Exercise objective |
Restate word for word the entries below, starting at the line with "Black, tan and" and ending at the line with "Puma GRAPHICS No.1 Logo Cotton T-Shirts, Red". Keep both end lines and omit the pictures.

··· Exercise inputs ···

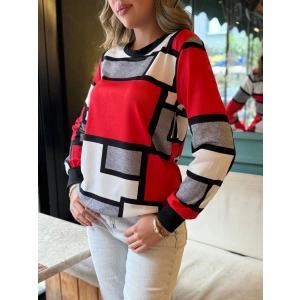 Kadın Uzun Kollu Bisiklet Yaka Renkli Blok Baskı Dalgıç Bluz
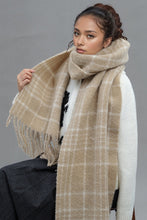 Load image into Gallery viewer, Fringe Plaid Thermal Scarf

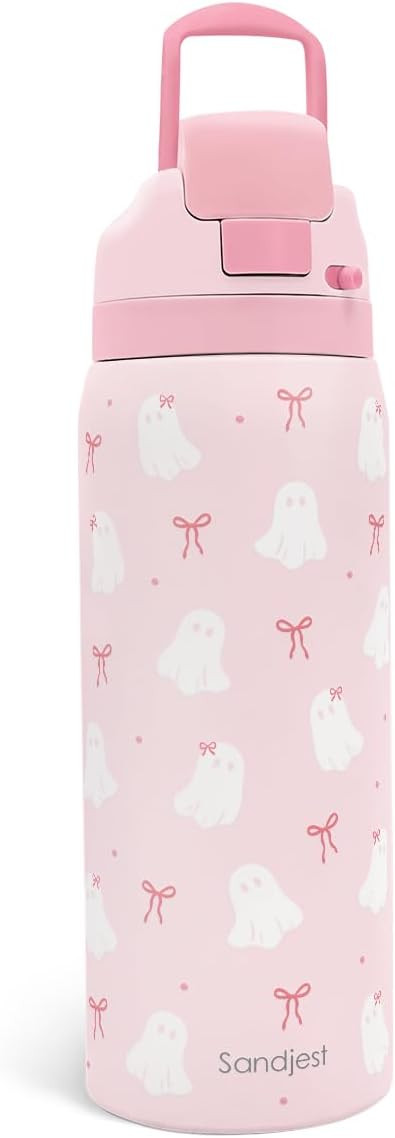 Halloween Boo Insulated Stainless Steel Water Bottle with Straw for Sports and Travel 32 Ounces for Women Girls Friends Teens Birthday | Amazon (US)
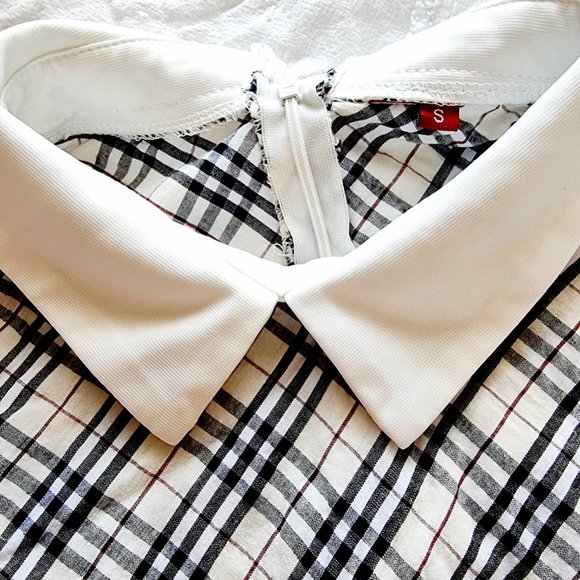 Black, tan and light cream plaid / tartan, 3/4 sleeve dress with white collar - Picture 6 of 6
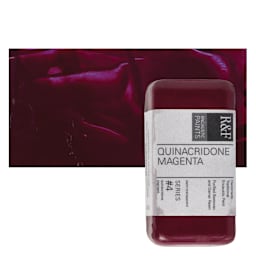 R&F Encaustic Paint Block - Quinacridone Magnenta, 40 ml block and swatch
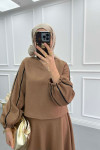 Sleeve Piping Skirt Suit Milky Coffee
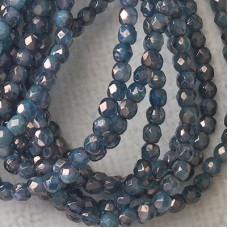 3mm Czech Firepolish Beads - Pacific Blue Luster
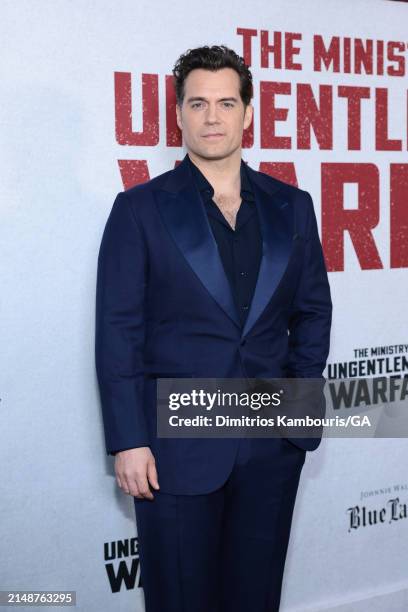 Henry Cavill attends the premiere of "The Ministry Of Ungentlemanly Warfare" at AMC Lincoln Square Theater on April 15, 2024 in New York City.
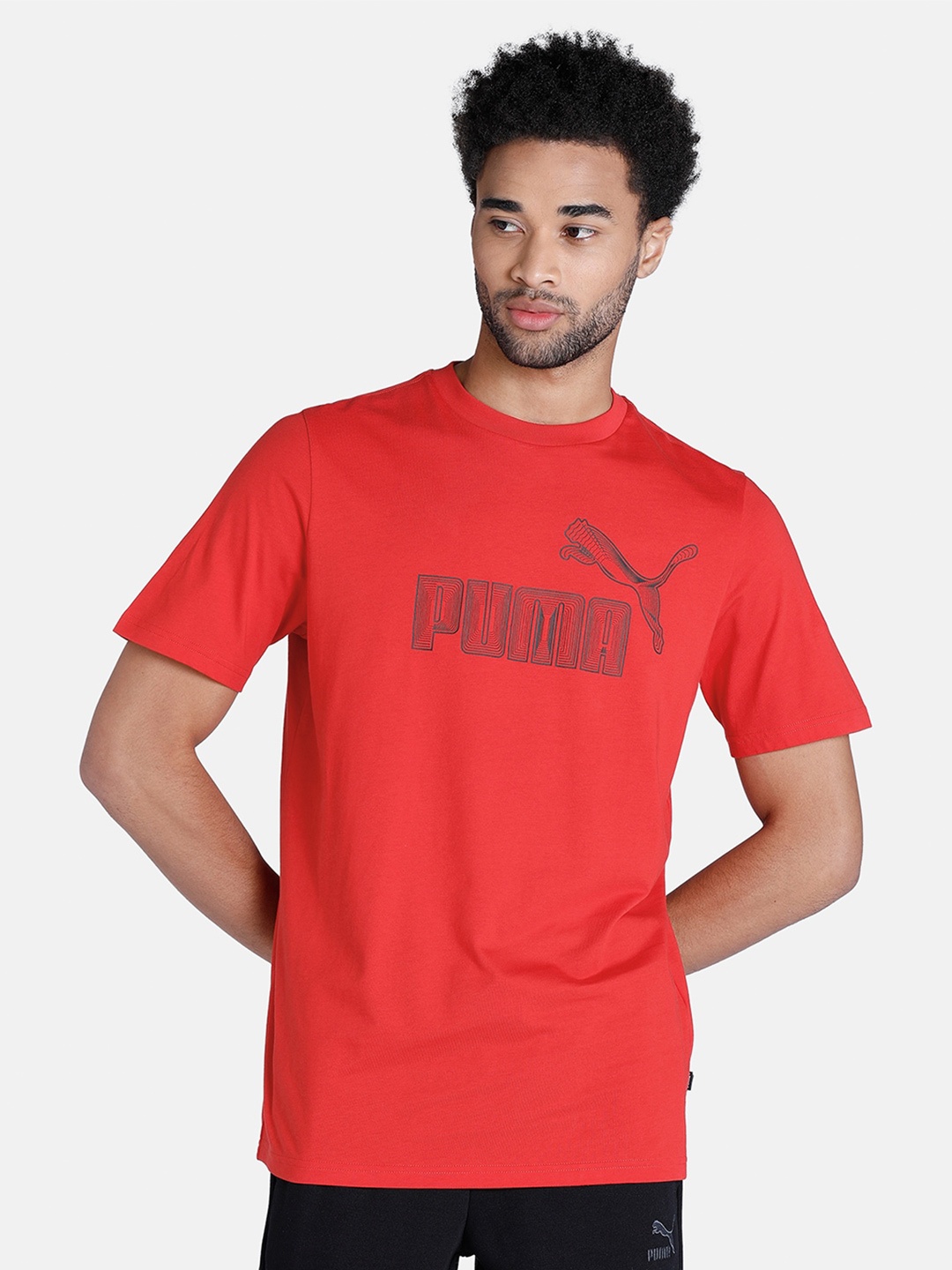 

Puma GRAPHICS No.1 Logo Cotton T-Shirts, Red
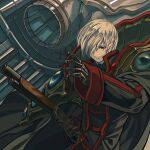  1boy armor bad_id bad_pixiv_id bangs black_cape black_coat cannon cape closed_mouth coat elona expressionless formal grey_hair gun hair_over_one_eye harusame_(rueken) high_collar holding holding_gun holding_weapon long_coat long_sleeves looking_away machinery male_focus mani_of_machine mechanical_hands mechanical_parts one_eye_covered pauldrons pump_action red_eyes shiny shiny_hair short_hair shotgun shoulder_armor solo sweater swept_bangs tsurime turtleneck turtleneck_sweater upper_body weapon 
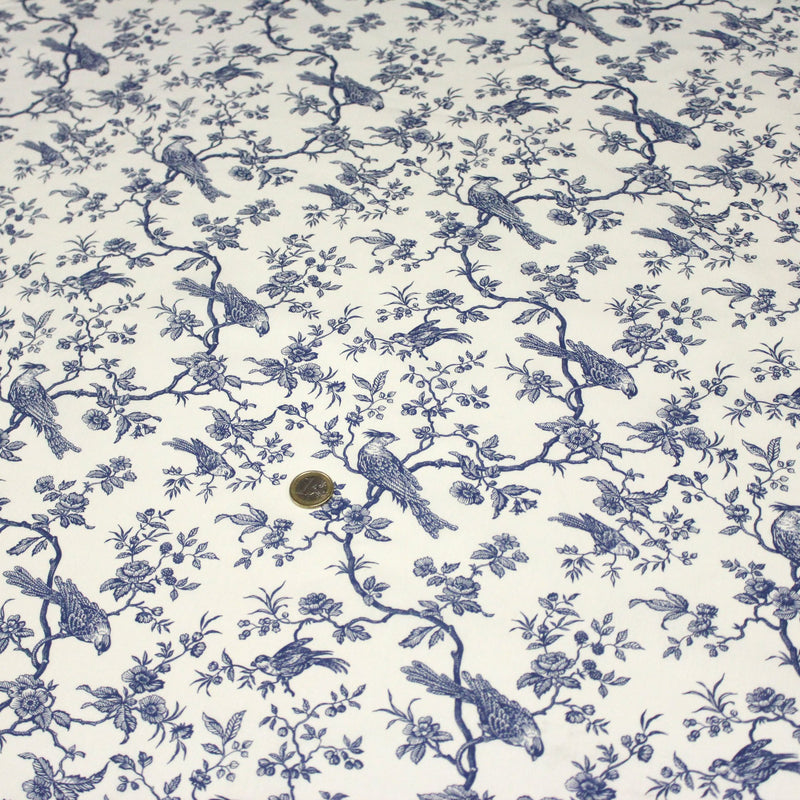 Tissu coton TOILE DE JOUY AUX MESANGES : bleu, vert - OEKO - TEX - tissuspipi.com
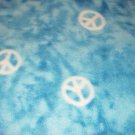 Peace Signs Aqua Blanket Tie Dyed Hand Tied  Fleece Baby Pet Lap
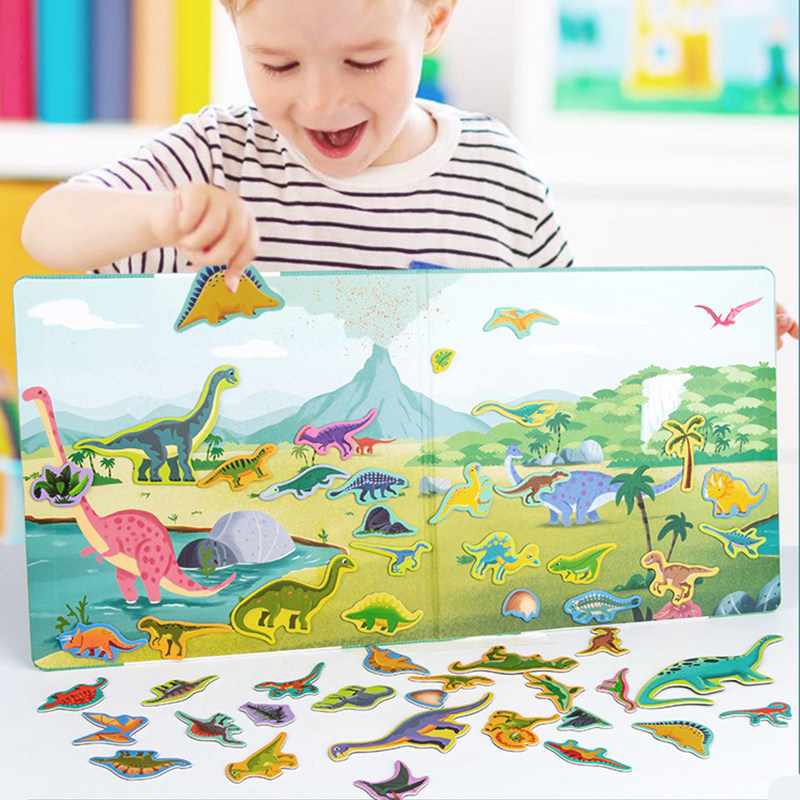 早教场景磁性拼图恐龙工程交通动物认知书夹式拼板儿童益智玩具,玩具/童车/益智/积木/模型,拼图/拼板,淘宝优惠券,粉丝福利购,淘宝优惠卷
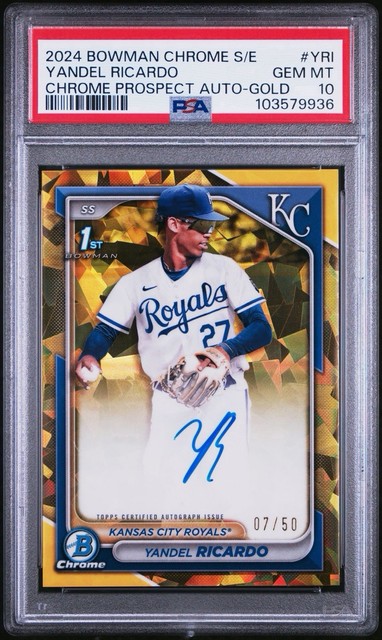 2024 Bowman Chrome Sapphire Yandel Ricardo Gold Auto #7/50 PSA 10 Top Prospect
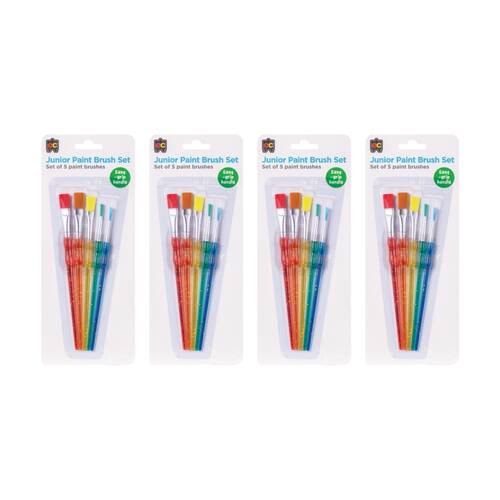 4x 5pc Educational Colours Junior Paint Brush Set Art/Craft Supplies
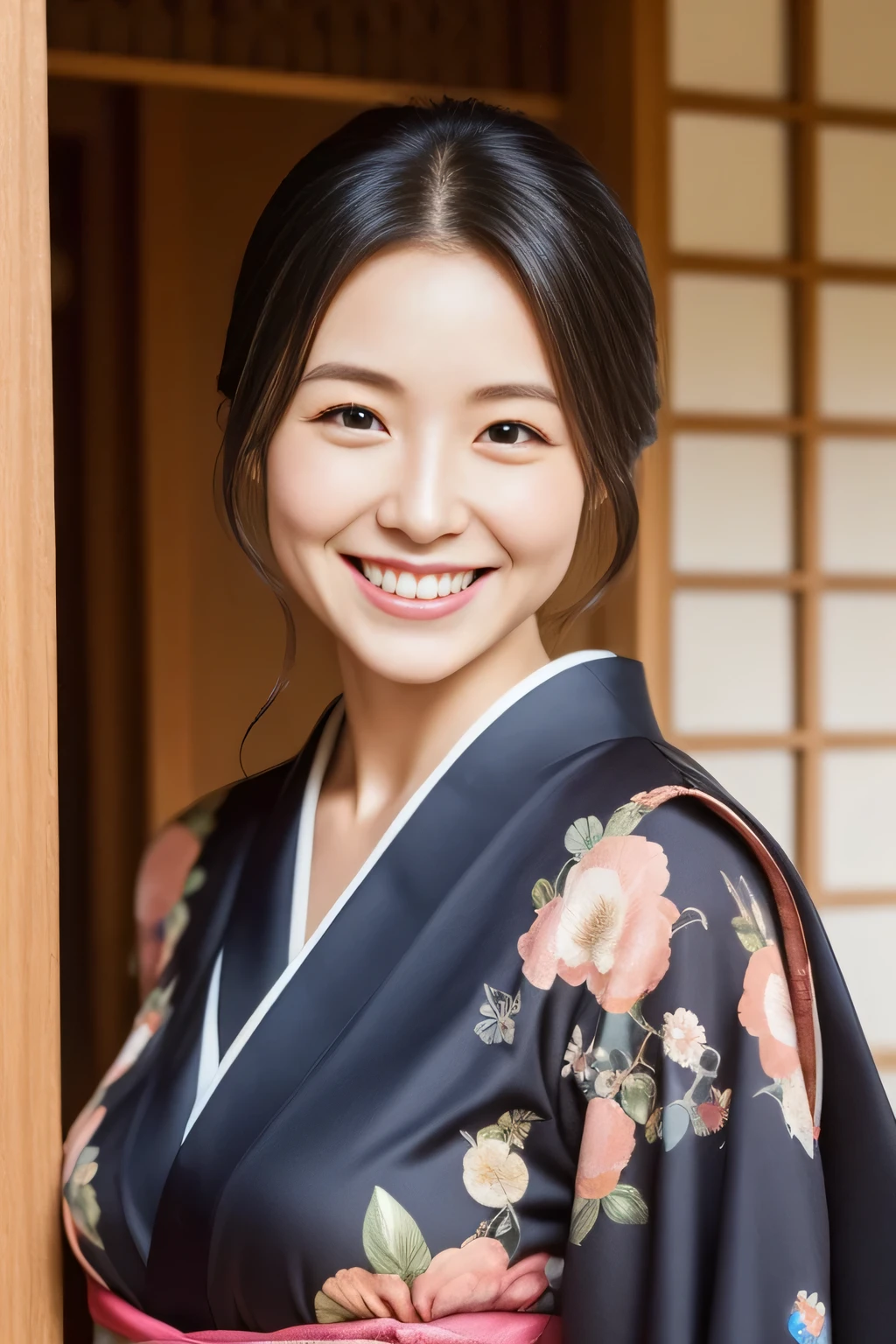 The cheerful face of the landlady、Floral Japan Kimono、high quality、surreal、healthy、smile、Perfect slender figure、beauty of japan、 perfect eyes beautiful skin、Upper body、shrine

···

Answer to the problem |
 Black, tan and light cream plaid / tartan, 3/4 sleeve dress with white collar - Picture 6 of 6
 R&F Encaustic Paint Block - Quinacridone Magnenta, 40 ml block and swatch
 Sleeve Piping Skirt Suit Milky Coffee
 3mm Czech Firepolish Beads - Pacific Blue Luster
 Henry Cavill attends the premiere of "The Ministry Of Ungentlemanly Warfare" at AMC Lincoln Square Theater on April 15, 2024 in New York City.

Puma GRAPHICS No.1 Logo Cotton T-Shirts, Red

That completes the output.